> **ACTIVITY**: Each entry below must be given again word for word, with no pictures.

> **DATASET CONTENT**:
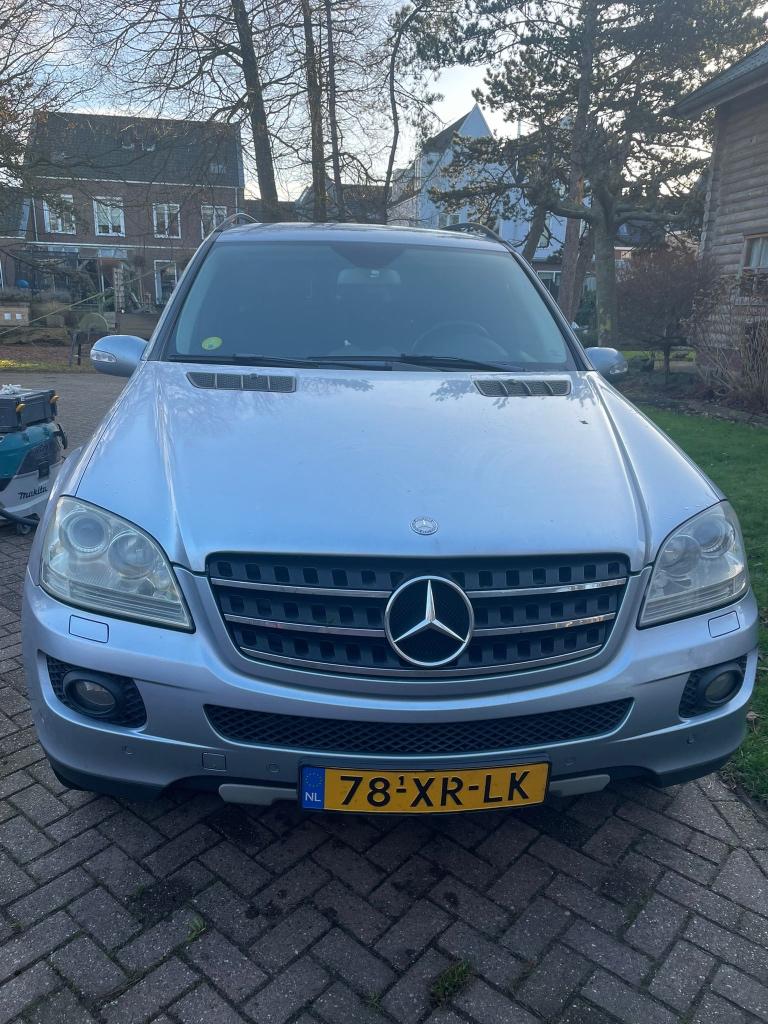 Mercedes-Benz M-Klasse 3.5 Ml350 4MATIC AUT 2007 Blauw, Auto's, Automaat, Achterwielaandrijving, Zwart, Bluetooth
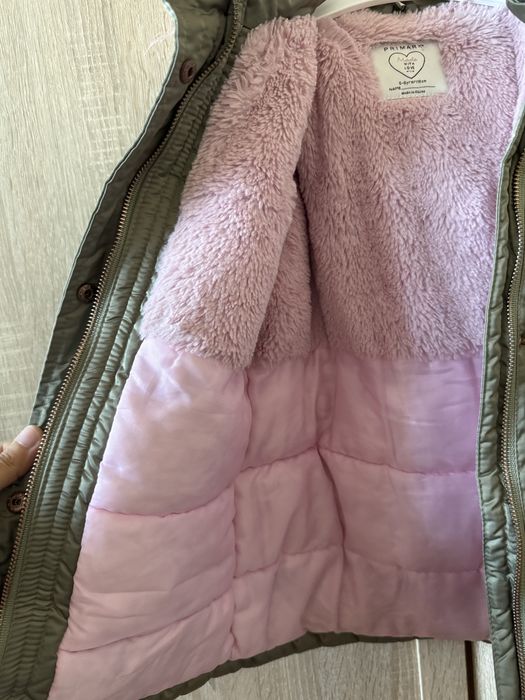 Продам демисезонную куртку на девочку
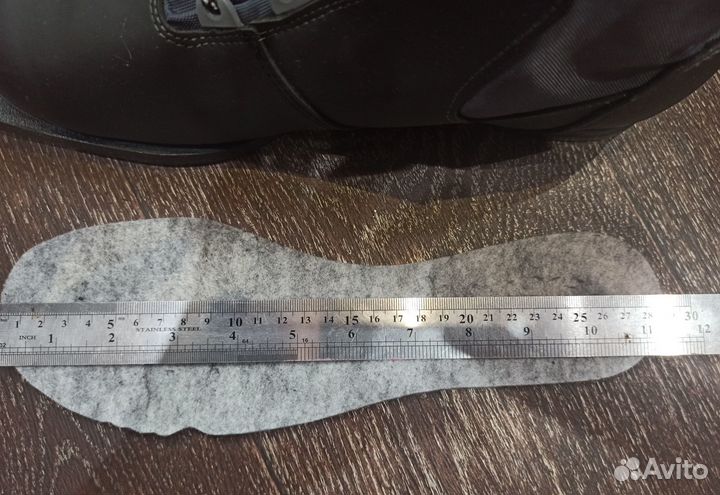 Лыжные ботинки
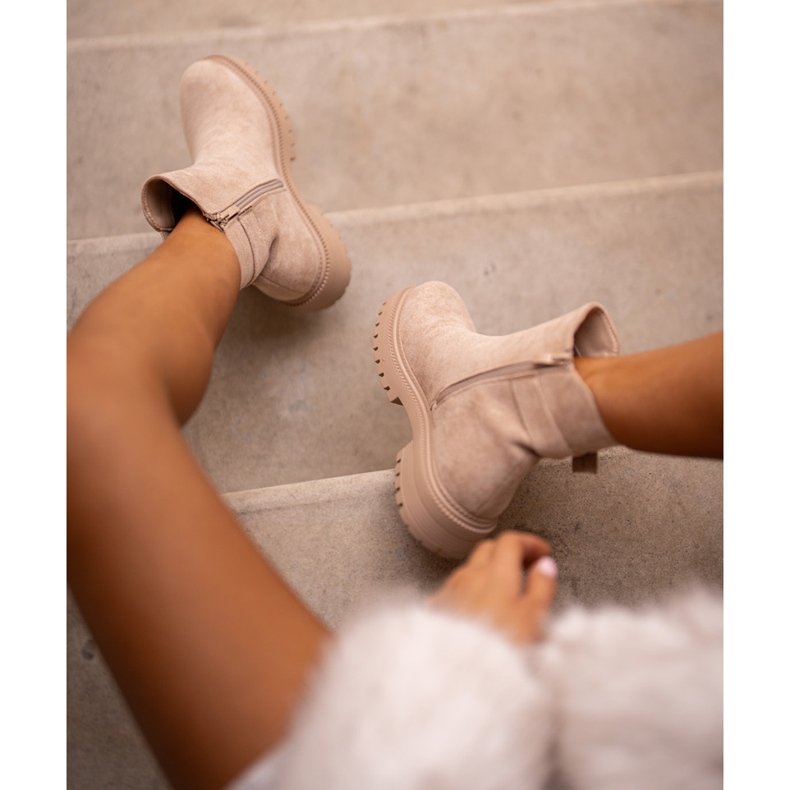 Insulated Chelsea boots with a zipper and a buckle, Beige Kikiella 1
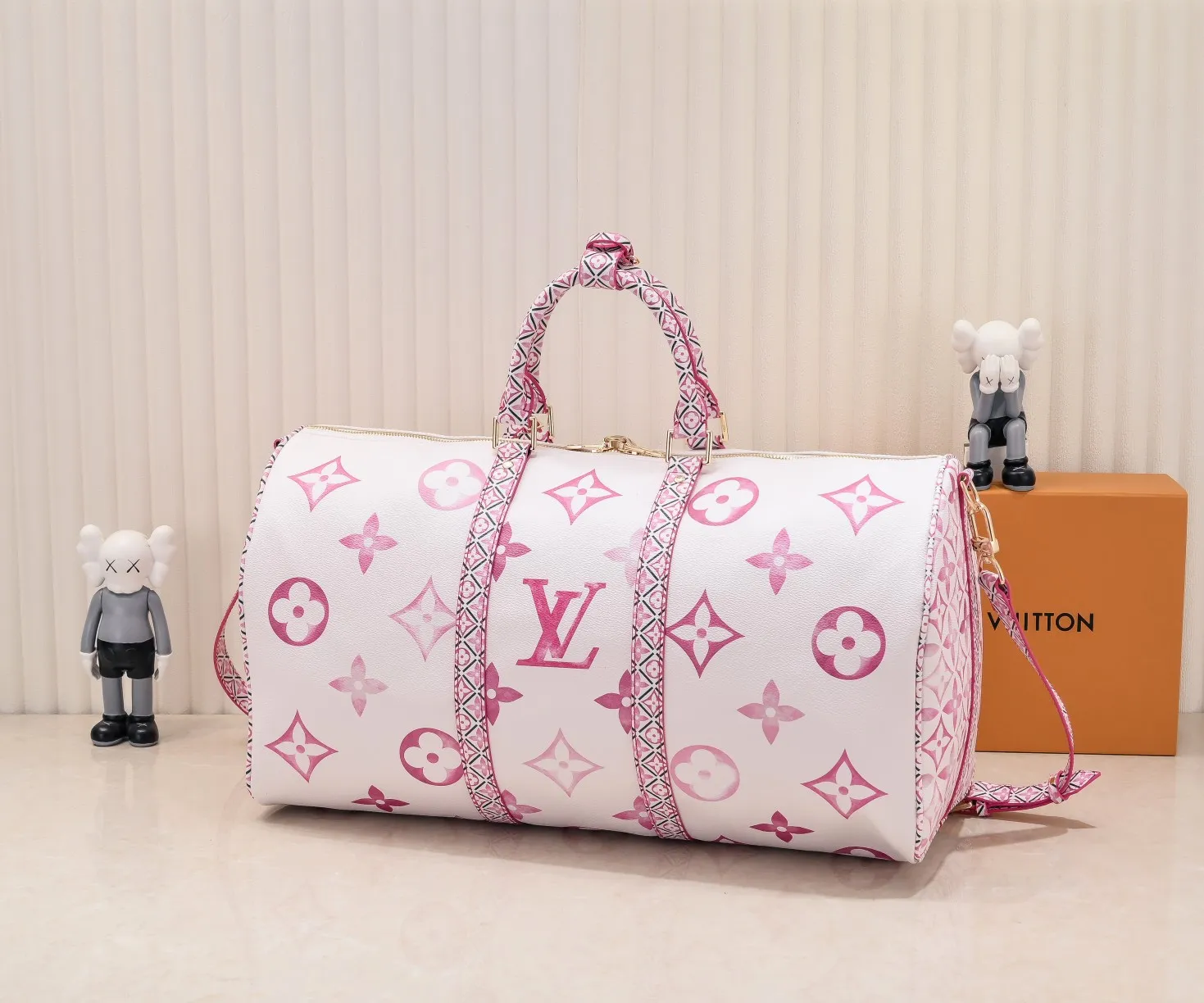 P440 M41416 10916 10254 41416 keepall is a classic in the Louis Vuitton travel bag series. This large keepall is made of monogram canvas, with a detachable leather shoulder strap and a detachable leather ID holder. Dimensions: 50.0 x 29.0 x 23.0 cm
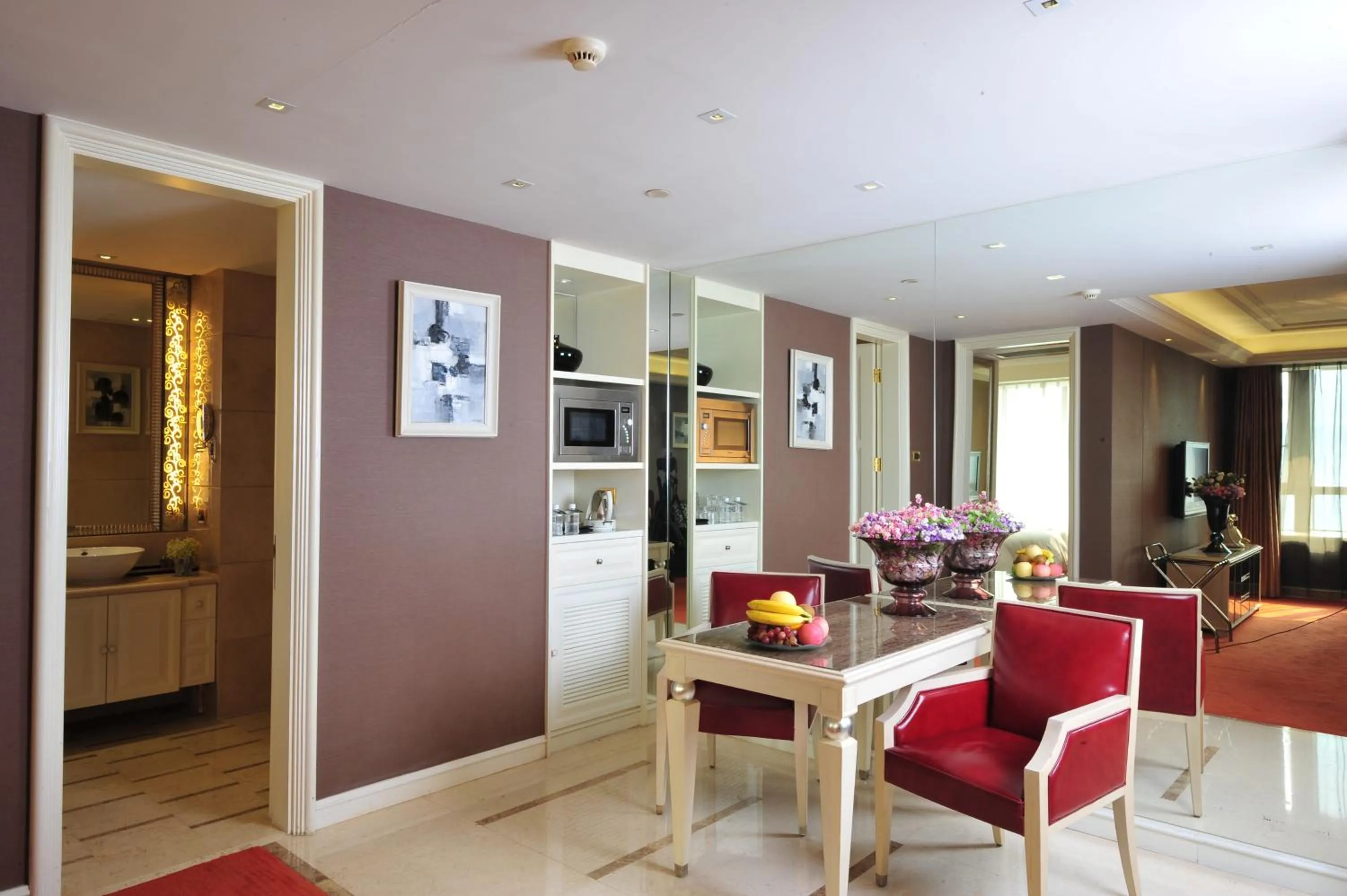 Living room in Wealthy All Suite Hotel Suzhou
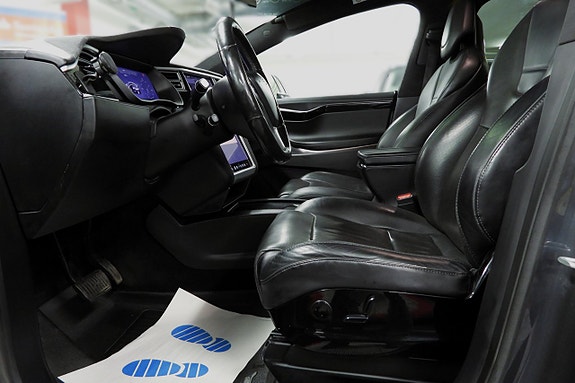 Tesla Model X 19 of 30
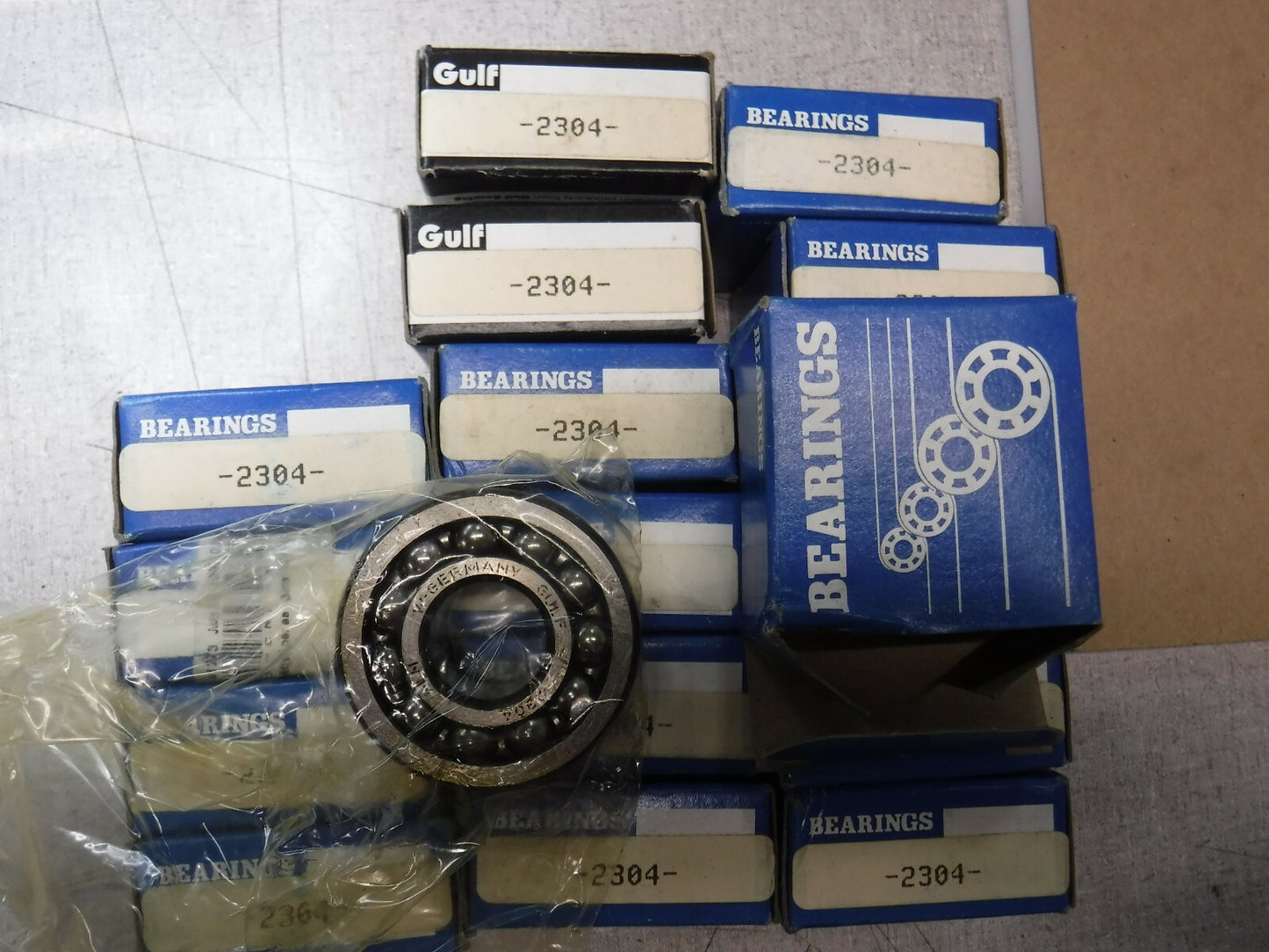 Gulf Bearing  2304 lot of 17 one price for 17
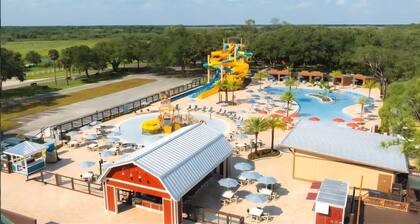 Cozy 1-bedroom condo with WiFi, AC in lovely Westgate River Ranch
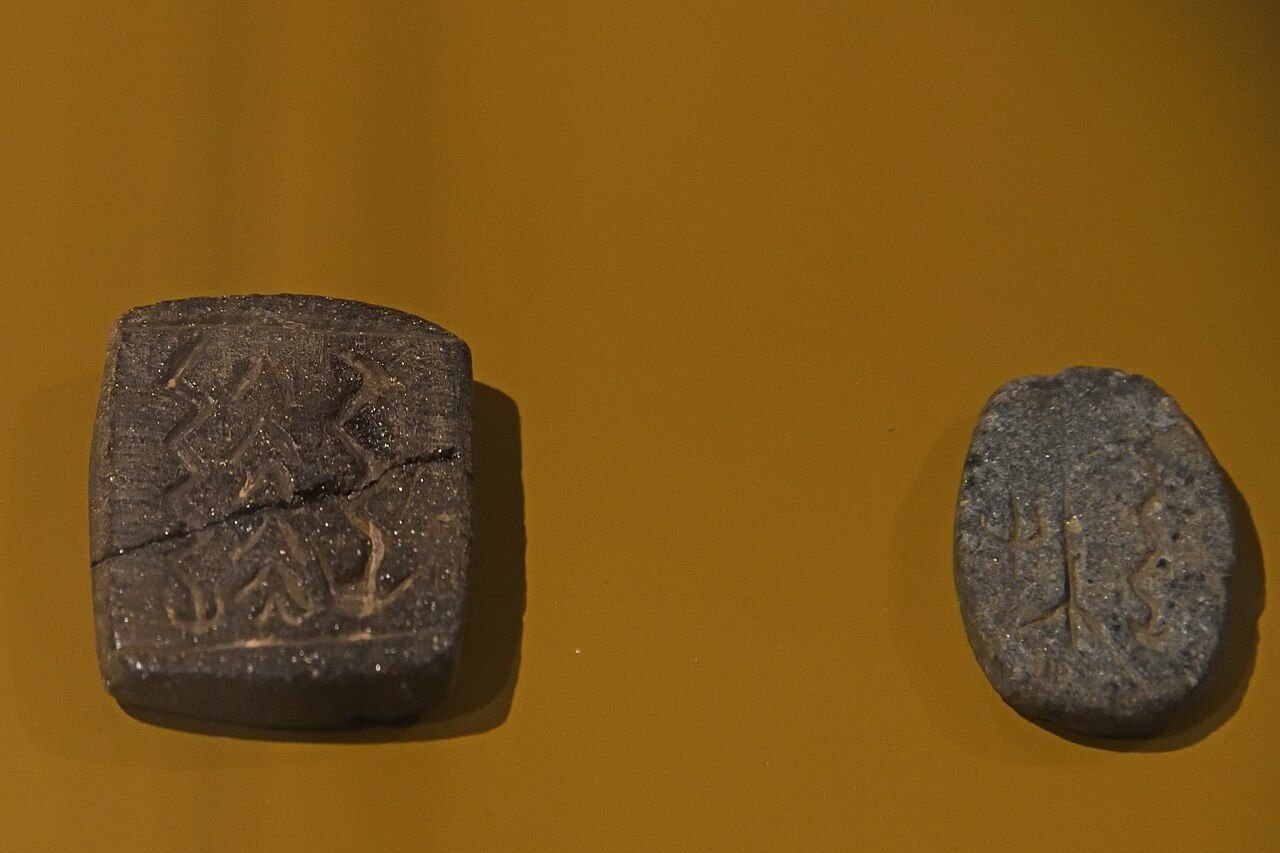 Small incised Neolithic ornamental stone objects in the Şanlıurfa Archaeology Museum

> **REPLY**:
 Mercedes-Benz M-Klasse 3.5 Ml350 4MATIC AUT 2007 Blauw, Auto's, Automaat, Achterwielaandrijving, Zwart, Bluetooth
 Продам демисезонную куртку на девочку
 Лыжные ботинки
 Insulated Chelsea boots with a zipper and a buckle, Beige Kikiella 1
 P440 M41416 10916 10254 41416 keepall is a classic in the Louis Vuitton travel bag series. This large keepall is made of monogram canvas, with a detachable leather shoulder strap and a detachable leather ID holder. Dimensions: 50.0 x 29.0 x 23.0 cm
 Living room in Wealthy All Suite Hotel Suzhou
 Tesla Model X 19 of 30
 Gulf Bearing  2304 lot of 17 one price for 17
 Cozy 1-bedroom condo with WiFi, AC in lovely Westgate River Ranch
 Small incised Neolithic ornamental stone objects in the Şanlıurfa Archaeology Museum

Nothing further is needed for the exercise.